The legal definition of insanity differs from state to state. In four states — Montana, Utah, Kansas and Idaho — there’s no such thing as an insanity defense. Nevada tried to do away with its insanity defense in the 1980s but the state supreme court ultimately ruled that not having one was unconstitutional.

In California, to find a defendant not guilty by reason of insanity, a jury must decide the evidence shows the defendant both didn’t understand the “nature and quality of his act” and wasn’t able to distinguish between right and wrong. It’s worth noting, though, that while criminal trials carry the beyond-a-reasonable-doubt threshold, the sanity phase is decided based upon a preponderance of evidence, meaning that to find a defendant insane, a jury would just have to decide that more evidence in the case points to insanity than sanity.

California also amended its law in 1994 to specify that a defendant can’t be found insane based solely on the basis of a personality disorder, addiction or abuse of intoxicating substances.

Michael Perrotti is a psychiatrist based in Yorba Linda and has served as both a defense and prosecution expert witness on the subject of sanity. Judging whether someone was legally insane at some past moment in time is a difficult matter, Perrotti said.

To make such a determination, Perrotti said he tries to gather as much data as possible. First and foremost, there’s an “objective test” administered to the defendant, in which he or she is asked to answer a series of questions, some of which are designed to weed out folks faking an insane state. But, ultimately this test relies on self-reporting, Perrotti said, so it can’t be relied upon as the sole source of a diagnosis. So Perrotti also reviews evidence in the case, the defendant’s mental health, medical and neurological histories. Additionally, he said he likes to review the case file, paying special attention to whether the defendant did anything that displays a conscious awareness of guilt, things like destroying evidence or otherwise trying to cover up the crime. Any statements of witnesses and officers who interacted with or observed the defendant around the time of the alleged crime can also be very telling. And, when possible, Perrotti likes to talk to jail staff and others who have observed the defendant’s behavior over time in the aftermath of the alleged offense, especially in cases where the defendant was under the influence of a substance at the time of the crime.

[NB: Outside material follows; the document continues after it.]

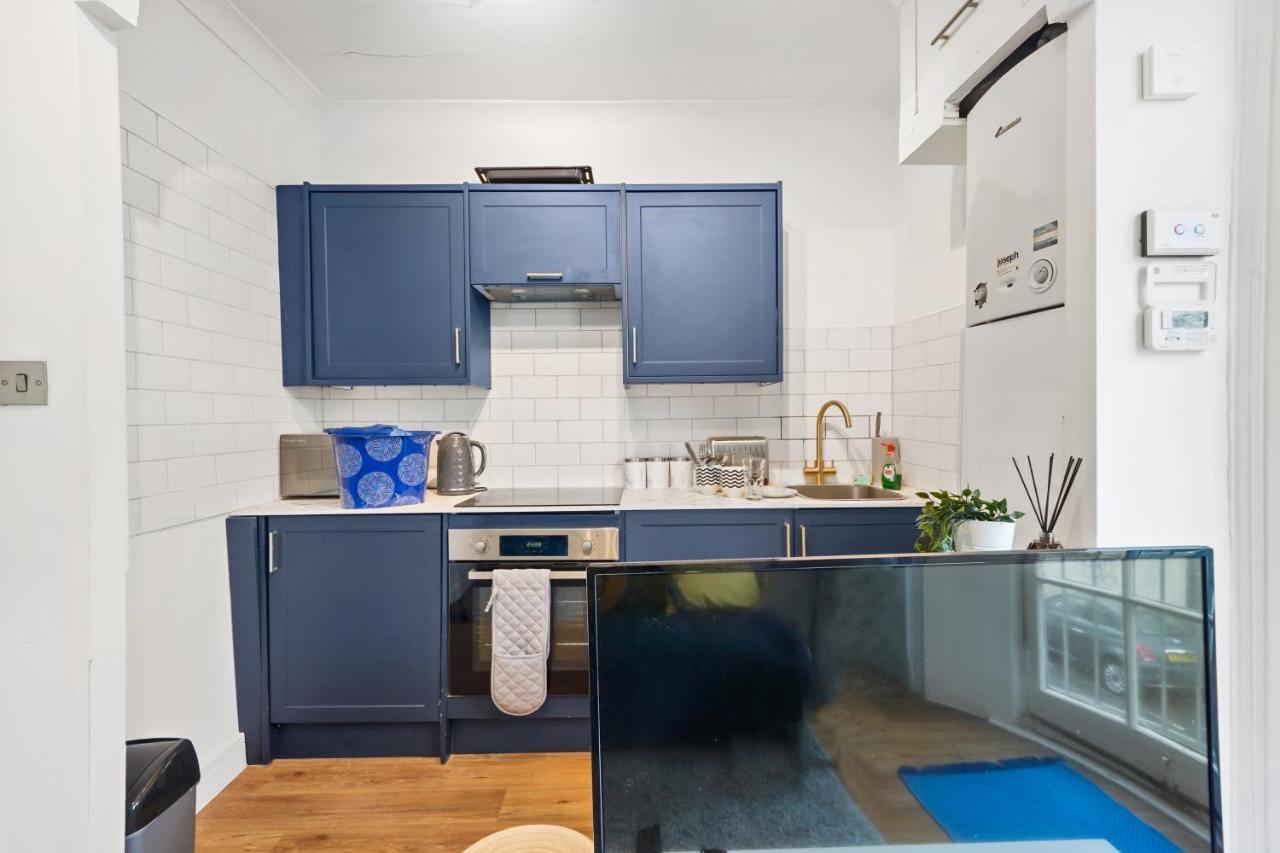 Modern One Bedroom Apartments In Brighton Екстер'єр фото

And, ultimately, Perrotti said, there’s no gray area and he renders an opinion that someone was either legally sane or not. “The bottom line is you have to have multiple sources of data and then ask, ‘Does the data support their knowledge of right or wrong?’”

In the case of Bullock — who hours after his release from jail is alleged to have broken into Freed’s rectory, tortured and killed the priest before taking his car and returning to Southern Humboldt — it seems a psychiatrist would have a lot of “data” to work with to form an opinion. Bullock had a host of contacts with law enforcement and neighbors before his arrest on Dec. 31, 2013 on suspicion of public intoxication. Then, Bullock was evaluated at a local hospital before being booked into the jail due to erratic behavior. After his release in the early morning hours of Jan. 1, 2014, Bullock reportedly was contacted by a St. Bernard's security guard and a Eureka police officer before allegedly trying to break into the rectory. And, portions of the break in were reportedly captured on surveillance cameras.

Then, there’s documentation of Bullock’s behavior after allegedly murdering Freed. According to court documents, police believe he wrapped Freed’s body in blankets, doused it with liquor and tried to light it on fire. Then, according to the documents, Bullock placed a lit cigar on the stove and turned on all the burners, flooding the rectory with gas, before leaving in what police described as an “attempt to destroy the building by blast and fire.”

Bullock, 45, is due in court tomorrow for a trial confirmation hearing. His jury trial is currently slated to begin March 2.